[Short text fragments from websites]
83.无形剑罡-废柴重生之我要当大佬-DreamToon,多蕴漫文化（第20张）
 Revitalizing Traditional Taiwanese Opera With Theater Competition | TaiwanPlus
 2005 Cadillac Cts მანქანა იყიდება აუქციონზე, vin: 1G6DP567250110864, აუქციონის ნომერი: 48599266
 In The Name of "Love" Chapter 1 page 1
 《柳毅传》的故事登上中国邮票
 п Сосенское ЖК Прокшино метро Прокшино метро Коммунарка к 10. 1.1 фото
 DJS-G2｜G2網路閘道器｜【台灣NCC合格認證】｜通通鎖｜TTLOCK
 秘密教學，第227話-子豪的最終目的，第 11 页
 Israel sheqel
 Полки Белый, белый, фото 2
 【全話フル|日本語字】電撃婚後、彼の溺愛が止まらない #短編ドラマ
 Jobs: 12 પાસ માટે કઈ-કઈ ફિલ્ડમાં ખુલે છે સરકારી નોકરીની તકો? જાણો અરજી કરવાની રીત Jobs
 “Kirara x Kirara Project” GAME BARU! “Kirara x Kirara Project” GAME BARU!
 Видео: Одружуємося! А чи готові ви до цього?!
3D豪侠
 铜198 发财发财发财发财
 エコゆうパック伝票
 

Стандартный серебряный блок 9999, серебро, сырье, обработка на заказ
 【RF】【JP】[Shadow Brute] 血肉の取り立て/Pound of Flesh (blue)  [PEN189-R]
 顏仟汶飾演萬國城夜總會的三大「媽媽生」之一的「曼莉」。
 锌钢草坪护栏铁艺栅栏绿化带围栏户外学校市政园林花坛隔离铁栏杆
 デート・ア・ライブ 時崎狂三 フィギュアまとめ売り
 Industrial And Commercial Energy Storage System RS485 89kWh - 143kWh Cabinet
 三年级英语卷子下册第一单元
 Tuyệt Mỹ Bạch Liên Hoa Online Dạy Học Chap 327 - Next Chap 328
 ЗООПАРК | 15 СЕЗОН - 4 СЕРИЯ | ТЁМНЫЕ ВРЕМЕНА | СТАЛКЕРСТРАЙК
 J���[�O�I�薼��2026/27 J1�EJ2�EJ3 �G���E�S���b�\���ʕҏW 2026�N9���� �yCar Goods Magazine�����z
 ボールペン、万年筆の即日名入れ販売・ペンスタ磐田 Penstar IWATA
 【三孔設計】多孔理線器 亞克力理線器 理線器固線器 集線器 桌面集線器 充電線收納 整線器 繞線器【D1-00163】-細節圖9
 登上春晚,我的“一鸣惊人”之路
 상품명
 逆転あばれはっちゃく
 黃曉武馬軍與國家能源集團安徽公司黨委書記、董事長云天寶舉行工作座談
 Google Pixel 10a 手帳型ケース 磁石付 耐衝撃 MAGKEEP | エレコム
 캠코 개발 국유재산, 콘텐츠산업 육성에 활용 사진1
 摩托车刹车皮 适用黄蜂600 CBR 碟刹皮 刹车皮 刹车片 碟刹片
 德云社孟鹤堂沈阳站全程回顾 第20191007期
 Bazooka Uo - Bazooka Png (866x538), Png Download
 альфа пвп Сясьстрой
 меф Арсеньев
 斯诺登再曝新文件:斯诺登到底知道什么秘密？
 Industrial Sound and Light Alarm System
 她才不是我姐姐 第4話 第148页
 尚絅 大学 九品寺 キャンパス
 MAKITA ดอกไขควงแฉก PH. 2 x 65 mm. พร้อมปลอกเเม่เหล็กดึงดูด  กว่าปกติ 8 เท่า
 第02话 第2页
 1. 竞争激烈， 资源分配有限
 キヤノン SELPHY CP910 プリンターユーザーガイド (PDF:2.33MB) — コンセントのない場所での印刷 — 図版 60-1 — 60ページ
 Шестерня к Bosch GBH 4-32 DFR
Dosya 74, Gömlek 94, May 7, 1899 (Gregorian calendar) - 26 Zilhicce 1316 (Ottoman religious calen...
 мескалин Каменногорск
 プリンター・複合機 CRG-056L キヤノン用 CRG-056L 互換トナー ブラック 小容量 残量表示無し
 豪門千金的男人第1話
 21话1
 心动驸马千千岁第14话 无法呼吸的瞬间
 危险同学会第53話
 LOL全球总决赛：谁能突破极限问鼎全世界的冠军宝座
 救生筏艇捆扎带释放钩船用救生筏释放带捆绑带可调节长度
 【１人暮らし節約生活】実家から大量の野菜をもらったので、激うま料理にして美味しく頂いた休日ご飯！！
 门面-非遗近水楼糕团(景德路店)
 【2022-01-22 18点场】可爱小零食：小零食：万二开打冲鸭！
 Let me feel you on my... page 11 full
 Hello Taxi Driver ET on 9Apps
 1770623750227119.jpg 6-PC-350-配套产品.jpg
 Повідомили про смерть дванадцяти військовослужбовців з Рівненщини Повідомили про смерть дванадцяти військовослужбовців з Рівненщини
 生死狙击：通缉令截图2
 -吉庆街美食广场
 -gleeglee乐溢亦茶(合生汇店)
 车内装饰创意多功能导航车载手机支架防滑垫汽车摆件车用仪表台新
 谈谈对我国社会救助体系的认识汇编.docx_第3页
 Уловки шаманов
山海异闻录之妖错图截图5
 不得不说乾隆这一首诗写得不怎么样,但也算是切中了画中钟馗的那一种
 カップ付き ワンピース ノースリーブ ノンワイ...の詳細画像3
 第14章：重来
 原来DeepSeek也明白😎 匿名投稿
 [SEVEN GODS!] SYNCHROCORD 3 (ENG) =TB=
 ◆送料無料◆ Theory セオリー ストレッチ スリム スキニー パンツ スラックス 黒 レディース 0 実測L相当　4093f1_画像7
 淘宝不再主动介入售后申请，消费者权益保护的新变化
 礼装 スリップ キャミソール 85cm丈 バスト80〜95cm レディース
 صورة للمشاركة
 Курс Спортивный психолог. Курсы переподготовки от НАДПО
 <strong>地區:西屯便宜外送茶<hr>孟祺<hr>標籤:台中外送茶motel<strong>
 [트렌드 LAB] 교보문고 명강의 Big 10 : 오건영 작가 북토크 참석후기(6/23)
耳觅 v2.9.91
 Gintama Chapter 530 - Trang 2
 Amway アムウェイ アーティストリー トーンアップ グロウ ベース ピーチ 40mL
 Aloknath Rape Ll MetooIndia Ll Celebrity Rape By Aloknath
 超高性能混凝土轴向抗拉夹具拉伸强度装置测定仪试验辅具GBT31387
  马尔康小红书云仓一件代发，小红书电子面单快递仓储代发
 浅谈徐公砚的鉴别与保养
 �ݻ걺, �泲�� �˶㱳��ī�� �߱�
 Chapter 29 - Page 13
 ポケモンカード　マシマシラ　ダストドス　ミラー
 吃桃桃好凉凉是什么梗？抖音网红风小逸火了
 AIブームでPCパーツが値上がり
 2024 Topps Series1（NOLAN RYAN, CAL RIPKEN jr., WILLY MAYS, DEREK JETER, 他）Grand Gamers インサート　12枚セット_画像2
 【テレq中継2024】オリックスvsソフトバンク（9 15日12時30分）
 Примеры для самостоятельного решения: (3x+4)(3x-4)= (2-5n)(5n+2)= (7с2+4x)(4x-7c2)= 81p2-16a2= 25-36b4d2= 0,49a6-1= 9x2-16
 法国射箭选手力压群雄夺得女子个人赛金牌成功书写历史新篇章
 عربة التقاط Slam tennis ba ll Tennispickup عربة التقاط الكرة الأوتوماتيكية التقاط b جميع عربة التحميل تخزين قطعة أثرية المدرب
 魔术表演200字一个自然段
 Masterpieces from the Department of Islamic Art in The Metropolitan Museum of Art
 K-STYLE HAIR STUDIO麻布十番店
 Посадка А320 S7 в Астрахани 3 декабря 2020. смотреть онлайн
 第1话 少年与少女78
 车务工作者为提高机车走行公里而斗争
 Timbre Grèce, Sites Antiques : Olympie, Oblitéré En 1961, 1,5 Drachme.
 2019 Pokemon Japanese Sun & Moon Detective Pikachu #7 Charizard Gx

### ABOUT THIS TASK:
The answer should be an exact copy of the lines from the one containing "不得不说乾隆这一首诗写得不怎么样,但也算是切中了画中钟馗的那一种" through the last line of the entries, both included.

### RESPONSE BOX:
 不得不说乾隆这一首诗写得不怎么样,但也算是切中了画中钟馗的那一种
 カップ付き ワンピース ノースリーブ ノンワイ...の詳細画像3
 第14章：重来
 原来DeepSeek也明白😎 匿名投稿
 [SEVEN GODS!] SYNCHROCORD 3 (ENG) =TB=
 ◆送料無料◆ Theory セオリー ストレッチ スリム スキニー パンツ スラックス 黒 レディース 0 実測L相当　4093f1_画像7
 淘宝不再主动介入售后申请，消费者权益保护的新变化
 礼装 スリップ キャミソール 85cm丈 バスト80〜95cm レディース
 صورة للمشاركة
 Курс Спортивный психолог. Курсы переподготовки от НАДПО
 <strong>地區:西屯便宜外送茶<hr>孟祺<hr>標籤:台中外送茶motel<strong>
 [트렌드 LAB] 교보문고 명강의 Big 10 : 오건영 작가 북토크 참석후기(6/23)
耳觅 v2.9.91
 Gintama Chapter 530 - Trang 2
 Amway アムウェイ アーティストリー トーンアップ グロウ ベース ピーチ 40mL
 Aloknath Rape Ll MetooIndia Ll Celebrity Rape By Aloknath
 超高性能混凝土轴向抗拉夹具拉伸强度装置测定仪试验辅具GBT31387
  马尔康小红书云仓一件代发，小红书电子面单快递仓储代发
 浅谈徐公砚的鉴别与保养
 �ݻ걺, �泲�� �˶㱳��ī�� �߱�
 Chapter 29 - Page 13
 ポケモンカード　マシマシラ　ダストドス　ミラー
 吃桃桃好凉凉是什么梗？抖音网红风小逸火了
 AIブームでPCパーツが値上がり
 2024 Topps Series1（NOLAN RYAN, CAL RIPKEN jr., WILLY MAYS, DEREK JETER, 他）Grand Gamers インサート　12枚セット_画像2
 【テレq中継2024】オリックスvsソフトバンク（9 15日12時30分）
 Примеры для самостоятельного решения: (3x+4)(3x-4)= (2-5n)(5n+2)= (7с2+4x)(4x-7c2)= 81p2-16a2= 25-36b4d2= 0,49a6-1= 9x2-16
 法国射箭选手力压群雄夺得女子个人赛金牌成功书写历史新篇章
 عربة التقاط Slam tennis ba ll Tennispickup عربة التقاط الكرة الأوتوماتيكية التقاط b جميع عربة التحميل تخزين قطعة أثرية المدرب
 魔术表演200字一个自然段
 Masterpieces from the Department of Islamic Art in The Metropolitan Museum of Art
 K-STYLE HAIR STUDIO麻布十番店
 Посадка А320 S7 в Астрахани 3 декабря 2020. смотреть онлайн
 第1话 少年与少女78
 车务工作者为提高机车走行公里而斗争
 Timbre Grèce, Sites Antiques : Olympie, Oblitéré En 1961, 1,5 Drachme.
 2019 Pokemon Japanese Sun & Moon Detective Pikachu #7 Charizard Gx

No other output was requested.